Monday, November 30, 2009

The Man Who Lost His Head

You may be familiar with the work of Robert McCloskey, who wrote and illustrated the classic picture books Make Way for Ducklings and Blueberries for Sal, as well as the Homer Price books. This month we'll see the reissuing of a book illustrated by McCloskey and written by Claire Huchet Bishop in 1942 and which has been out of print for over 25 years: The Man Who Lost His Head (New York Review Books, $14.95 (64p) ISBN 978-1-59017-332-9).

It's the unusual story of a man who awakens with his head missing. He can't remember where he left his head and sets out to find it. As temporary substitutes he uses a pumpkin, various other organic replacements, and a wooden copy of his head. It's a wacky story, and if it's wacky you like, take a gander.

Casper the Friendly Ghost #6

Five pages of original art from the first Harvey Comics version of Casper. I've read that the numbering system for several old comics is faulty, and here's a case in point: This is from issue #6 of Casper, but it's the first one published by Harvey. Issues 1-5 were published by St. John Comics. I believe Dell published some Casper comics prior to St. John.

This kind of numbering system was not uncommon back then. Sometimes even the titles of books were changed, while keeping the numbering system. Understandably this causes consternation for collectors.

I'm not 100% certain, but I believe this was drawn by Warren Kremer. The art dates to 1952.

Sunday, November 29, 2009

Congratulations, Novelists!

Congratulations to my 10-year-old son and 8-year-old daughter who met and exceded their writing goals in the NaNoWriMo Young Writers' Program!
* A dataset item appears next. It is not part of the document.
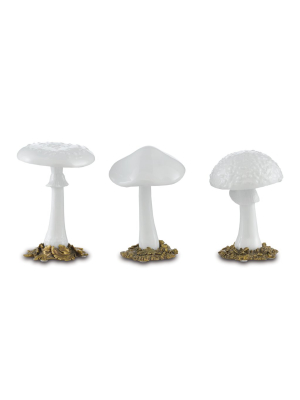 Dreamland Mushrooms On Bronze Set Of 3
My son's goal for National Novel Writing Month was 5,000 words, and my daughter's goal was 3,000 words. They're both currently at around 7,000 words.

While they met their word count goal, they haven't technically completed a novel in 30 days. They realized they had much more to tell, and are continuing their daily writing. Where it will stop, nobody knows.
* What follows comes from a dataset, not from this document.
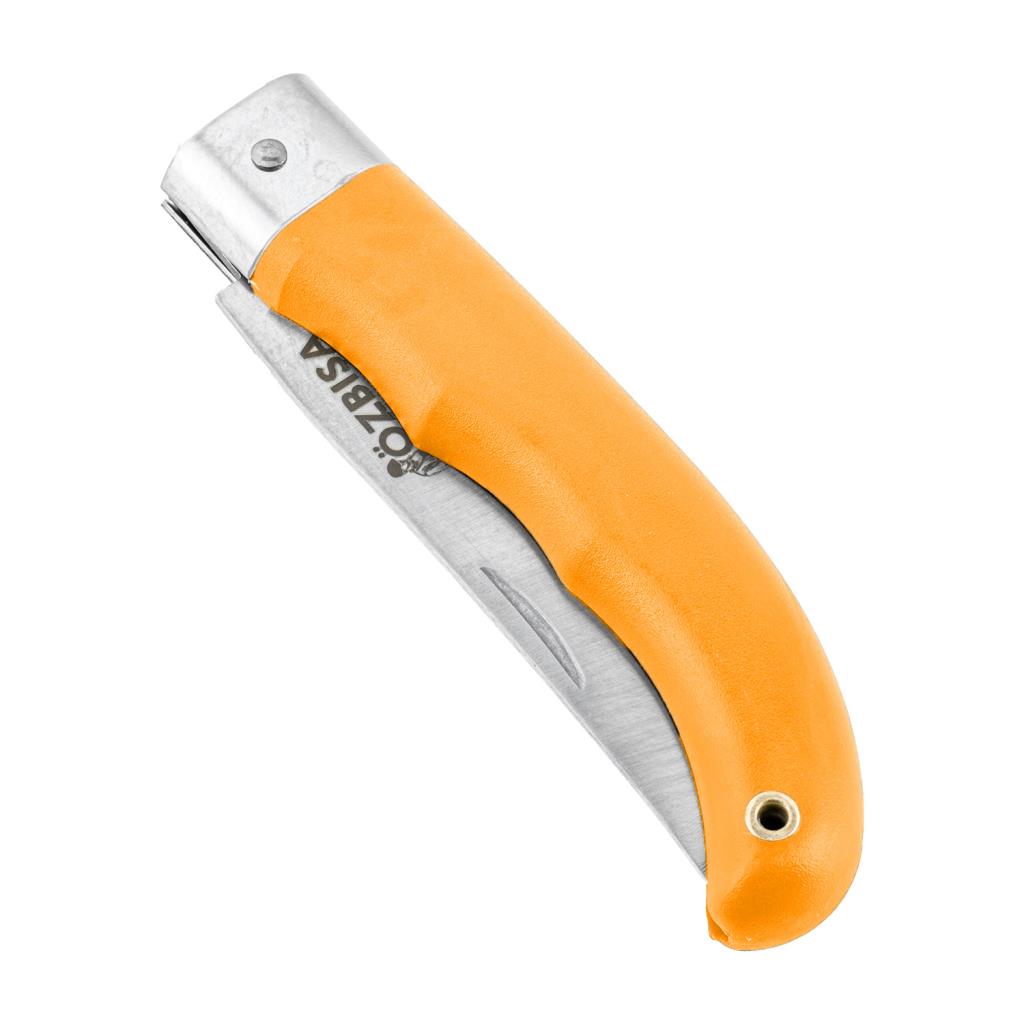 Katlanır Cep Çakısı - Özbısa - El Yapımı - No:2 - Sarı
As a reward for meeting their writing goals, they'll get to order a free proof copy of their book published through CreateSpace, Amazon's print-on-demand publishing arm. I've used Createspace with my Spooner and Wild Blue books, and the quality is very good. My only complaint is the cover stock could be a little heavier. Probably, it's a heavy paper rather than actual cover stock.

Once they do finish their stories, you can be sure I'll be plugging their books right here. And congrats to everyone who actually wrote a novel in 30 days. Oh, and go buy your Spooner books already! It's almost Christmas!

Rip Haywire

Dan Thompson, creator of the syndicated comic-adventure strip Rip Haywire, has very coolly posted several roughs of the strip on his blog. It's always fun for me to see the pre-inked work of a cartoonist.

Friday, November 27, 2009

Owly's First Animated Short

What? You haven't seen Owly's first animated short? Check it out here, and take a look at creator Andy Runton's storyboards as well. It's about the truest animated version of a comic character I've seen, next to Peanuts. Kudos to Andy and Sprite Animation Studios.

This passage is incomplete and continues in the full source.